COVID-19 and Pulmonary Thrombosis—An Unresolved Clinical Puzzle: A Single-Center Cohort Study

J. Clin. Med. 2022, 11(23), 7049; https://doi.org/10.3390/jcm11237049
by Loris Močibob 1, Frano Šušak 2, Maja Šitum 2, Klaudija Višković 3,4, Neven Papić 1,2 and Adriana Vince 1,2,*
Reviewer 1: Anonymous
Reviewer 2:
Reviewer 3:
J. Clin. Med. 2022, 11(23), 7049; https://doi.org/10.3390/jcm11237049
Submission received: 31 October 2022 / Revised: 11 November 2022 / Accepted: 26 November 2022 / Published: 29 November 2022
(This article belongs to the Special Issue Updates in Management of SARS-CoV-2 Infection)

Round 1

Reviewer 1 Report

1. Line 36- these pathogenic factors seem to play role, at least partially, in thrombotic events in patients with celiac disease and this should be added ( https://www.ncbi.nlm.nih.gov/pmc/articles/PMC9144428/)

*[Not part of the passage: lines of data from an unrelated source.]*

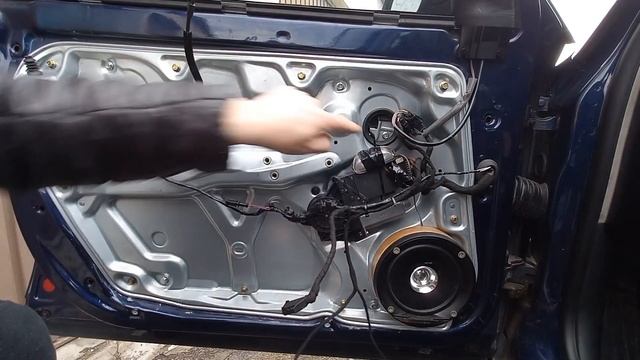 Wymiana zamka drzwi kierowcy Passat B5 смотреть онлайн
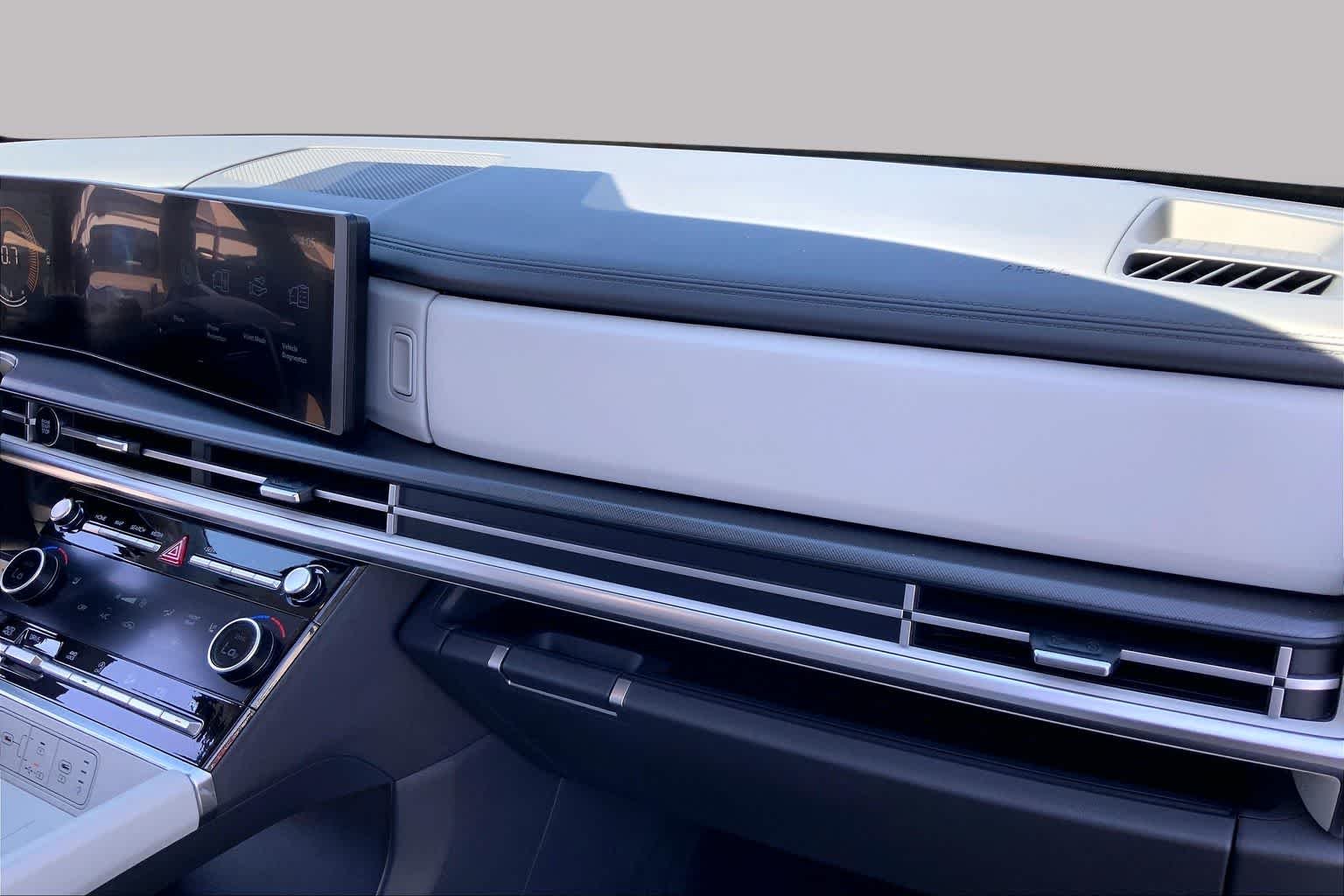 Used 2026 Atlantis Blue Hyundai SEL image 18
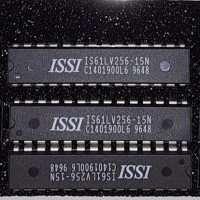 ISSI IS61LV256-15N 3.3V  28 pin SOJ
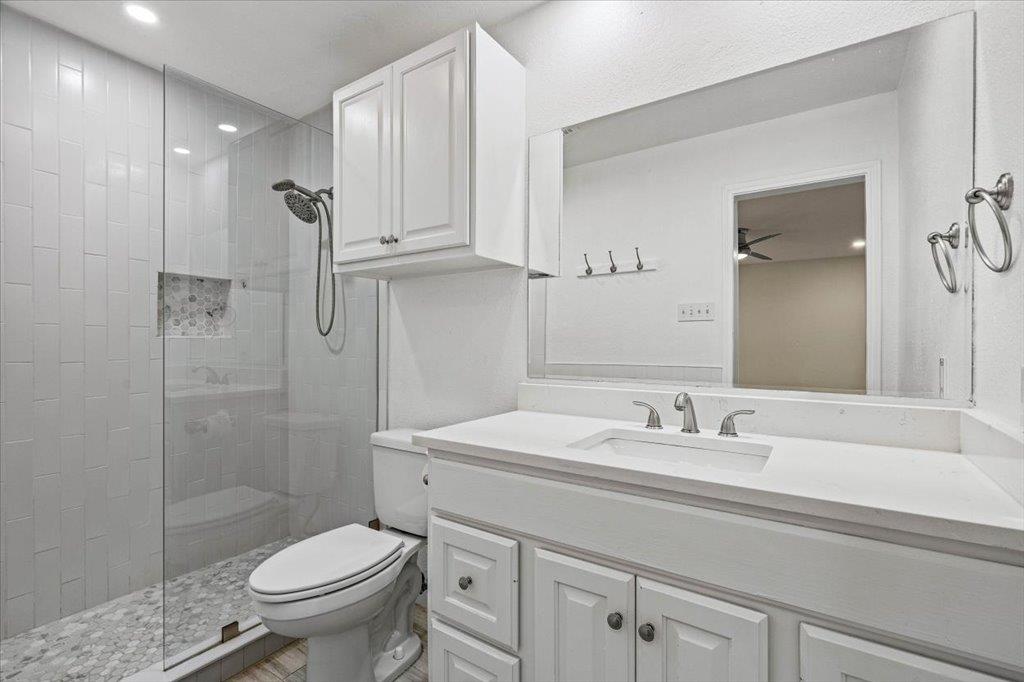 303 Fantail Loop #b Property Photo 20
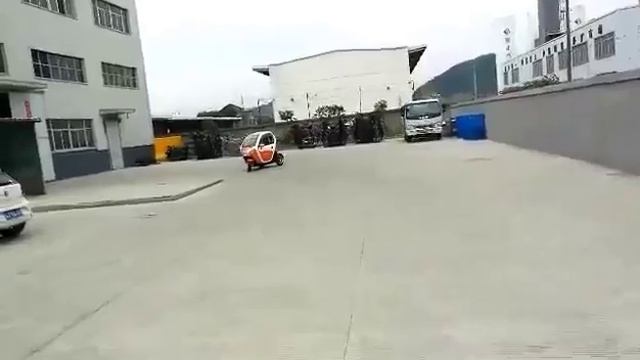 Бензиновый скутер (трицикл) с крышей TRISCOOTER PETROLKATI Купить 8 800 777 40 97
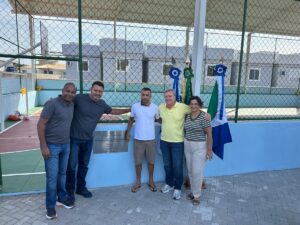 Leia mais sobre o artigo Escola Estadual Municipalizada Professora Eulina de Assis Marques recebe quadra em homenagem a funcionária Rosa Maria Quintanilha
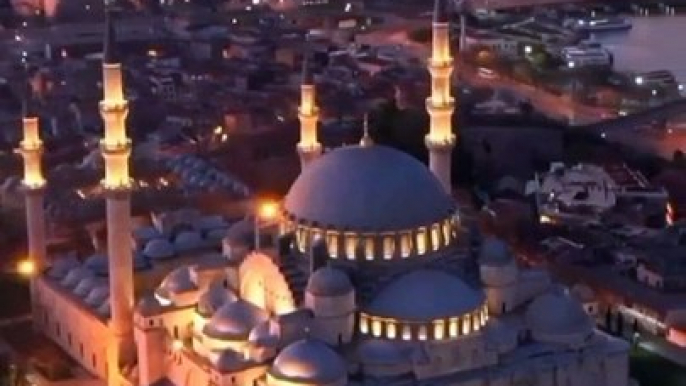 ASHHADU ALLA ILAHA ILLALLAH  beautiful voice and magical Sultan Ahmed Mosque-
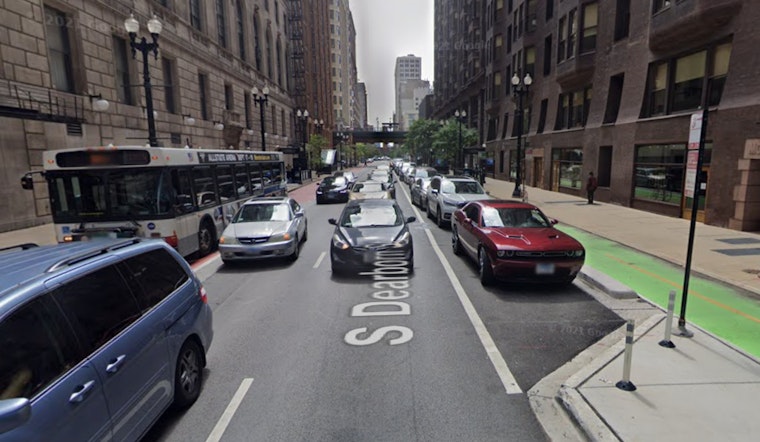 Man Critically Injured in Stabbing at Chicago's Loop, Assailant At Large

2. How many patient had secondary bacterial pneumonia in this cohort? 

3. Were all patients treated with LMWH? How about patients who were already on anticoagulation with DOACs or patients with advanced CKD where LMWH would be contraindicated?

4. In methodology CHOD score calculation should be explained- this is an international journal and not all countries are using this scoring system. particularly in North America

5. Table 1- platelet and INR were significantly different in the two group. Since both values are affected in people with cirrhosis have you controlled for this co-morbidity?

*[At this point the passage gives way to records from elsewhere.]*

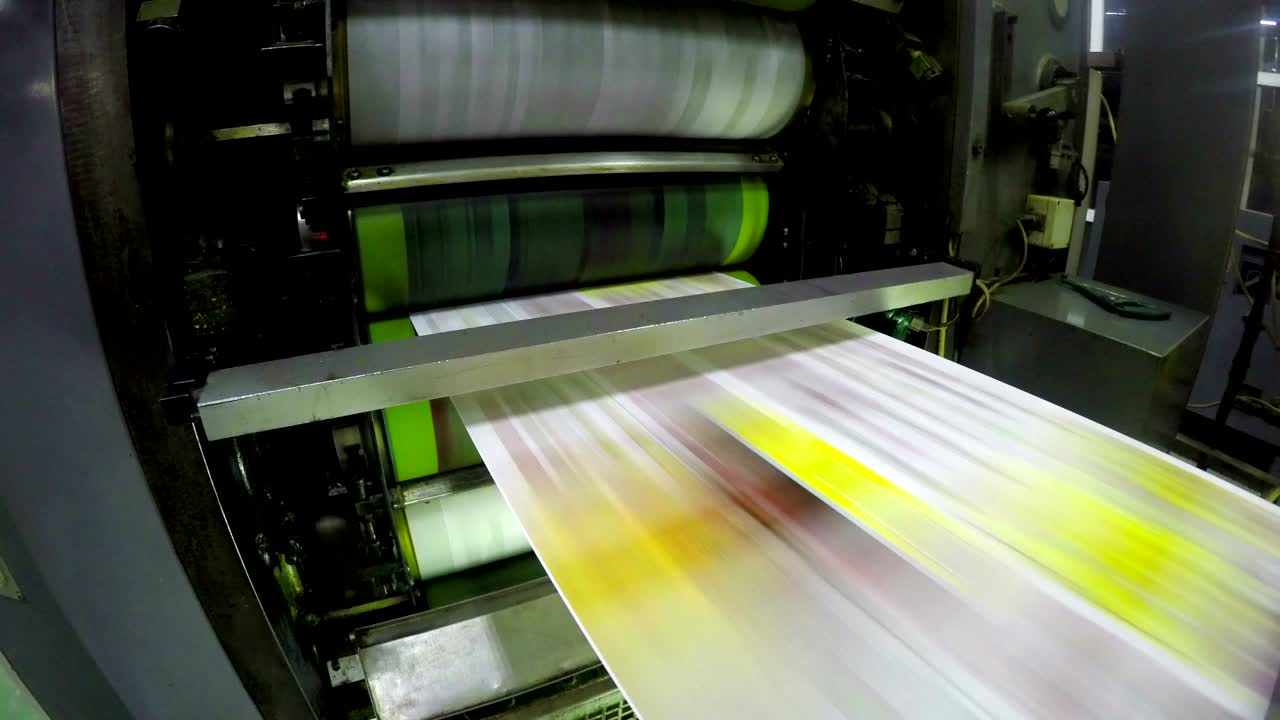 인쇄 공장 생산 프로세스 (uhd 스 비디오 루프)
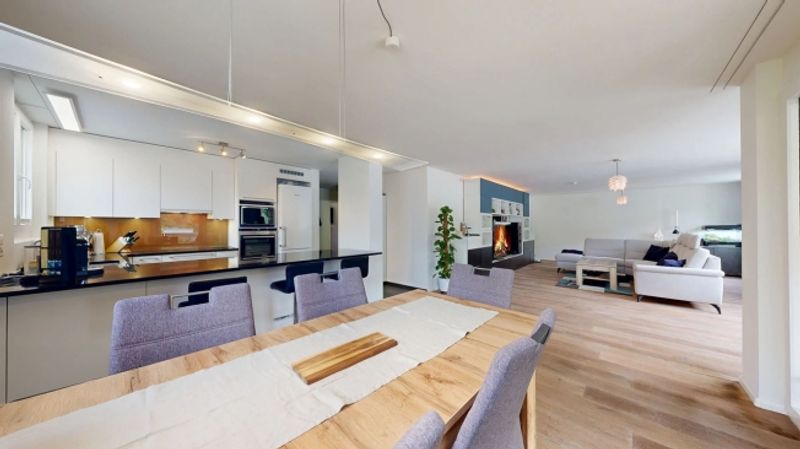 Moderne 4.5-Zimmer-Wohnung mit Balkon und zwei Einstellhallenplätzen - 1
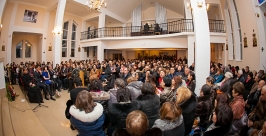 Зрители слушают маэстро Анна Огородник, UlanMedia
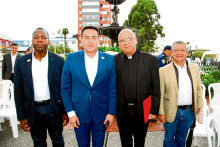 Manuel González; Jorge Eduardo Rojas Giraldo, alcalde de Manizales; Presbítero Diego García; Carlos Humberto Orozco.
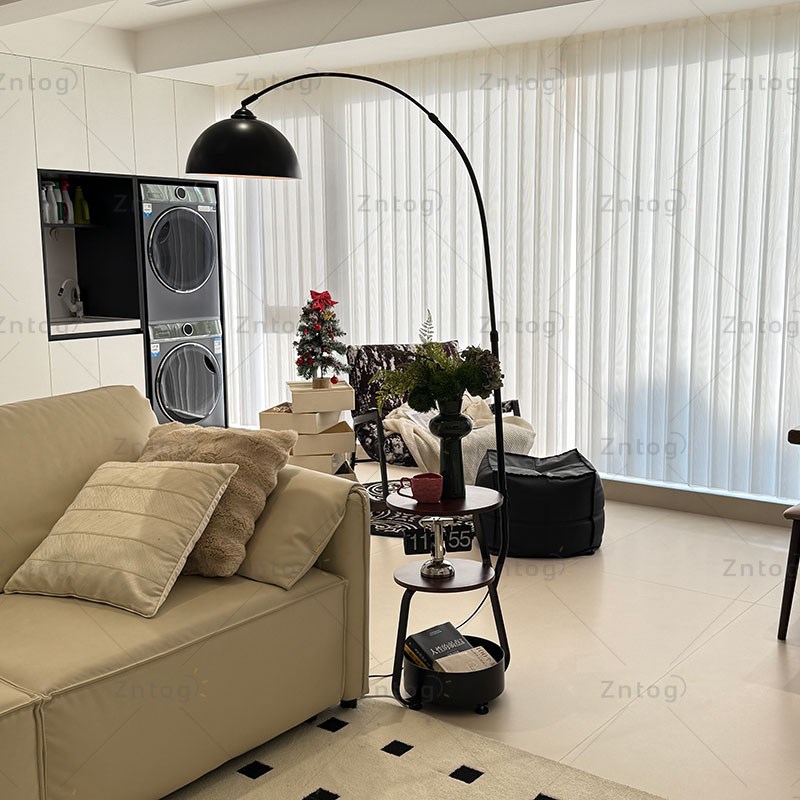 沙发边落地灯简约现代温馨2025年新款置物架一体立式灯氛围钓鱼灯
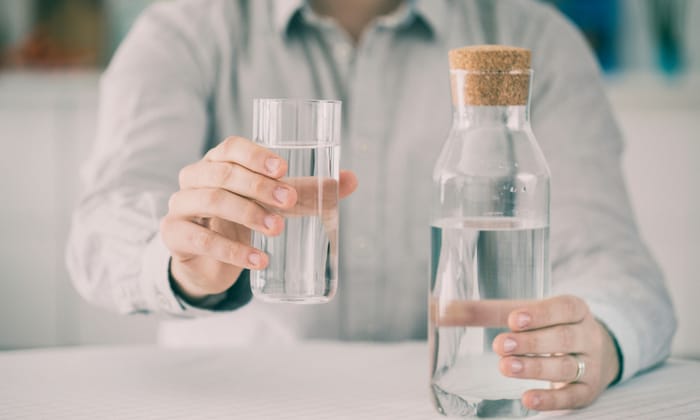 ดื่มน้ำมากไปก็ไม่ดี เพราะอาจเสี่ยงต่อ ภาวะการดื่มน้ำมากเกินไป (Overhydration)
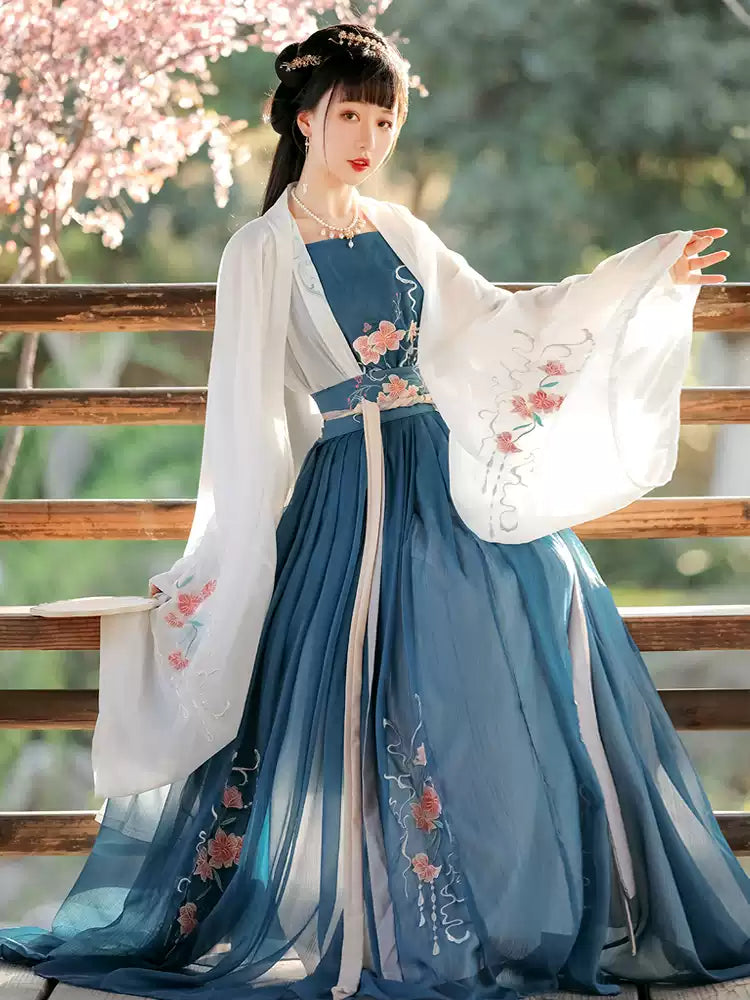 Song Dynasty Hanfu Dress – Traditional Chinese Fairy Style Outfit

6. Factors associated with morality- we do not know about the burden of medical co-morbidities in these two groups so I am not convinced that this is accurate result and conclusion

7. Have you controlled for BMI in the two groups? It is recognized that obesity is a risk factors for both covid and VTE so it would be intuitive to control for this variable 

 

Author Response

  1. Line 36- these pathogenic factors seem to play role, at least partially, in thrombotic events in patients with celiac disease and this should be added (https://www.ncbi.nlm.nih.gov/pmc/articles/PMC9144428/)

ANSWER: We thank the reviewer for suggesting an interesting article. Similar pathogenetic role have been suggested in a variety of conditions. However, we believe that adding the data on the role of thrombosis and hypercoagulability in celiac disease would be confusing and doesn’t fit in the concept of manuscript.

 

  1. How many patients had secondary bacterial pneumonia in this cohort?

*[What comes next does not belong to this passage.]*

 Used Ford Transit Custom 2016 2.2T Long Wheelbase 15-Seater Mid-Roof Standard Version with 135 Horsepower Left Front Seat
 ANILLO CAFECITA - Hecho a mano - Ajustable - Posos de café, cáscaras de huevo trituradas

ANSWER: None of the patients included on admission had secondary bacterial pneumonia. The impact of nosocomial infections was not analyzed.

This was added to the manuscript limitations: “The impact of nosocomial infections on mortality was not be examined.” Line 274-275

 

  1. Were all patients treated with LMWH? How about patients who were already on anticoagulation with DOACs or patients with advanced CKD where LMWH would be contraindicated?

ANSEWR: We thank the reviewer for noticing that we did not include data on previous anticoagulation. Overall, 22 patients from PT and 52 from non-PT group received either acetylsalicylic acid (15 and 41), warfarin (1 and 7) or DOACs (5 vs 5) and one patient from PT group was on fraxiparine before hospitalization. As per hospital protocol, and international recommendations at that time, at admission DOACs were converted to LMWH and dosed according to weight and renal function.

This is now added in the manuscript:

In Methods:

“As per hospital protocol and international guidelines at that time, direct oral anticoag-ulants and warfarine were converted to LMWH dosed according to body weight and renal function.” (Line 67-69)

Results: “In addition, there was no difference in chronic anticoagulation or antiagregation (acetylsalicylic acid n=56; warfarin n=7; rivaroxaban n=7; apixaban 3; fraxiparine n=1).”(Line 127-129)

In addition, previous DOACs or antiagregation therapy was not associated with PT in our cohort.

“Comorbidities, age, sex, obesity (BMI>30kg/m2), chronic therapy including anticoagulation and antiagregation therapy were not associated with PT in our cohort.” (Line 166-168)

 

  1. In methodology CHOD score calculation should be explained- this is an international journal and not all countries are using this scoring system. particularly in North America

ANSWER: We added the definition of CHOD score.

“CHOD, an acronym of (CRP concentration + Heart rate + Oxygen saturation + D-Dimer levels) was calculated for each patient, as previously reported (REF – PMID 33440207). (Line 61-63)

 

  1. Table 1- platelet and INR were significantly different in the two group. Since both values are affected in people with cirrhosis have you controlled for this co-morbidity?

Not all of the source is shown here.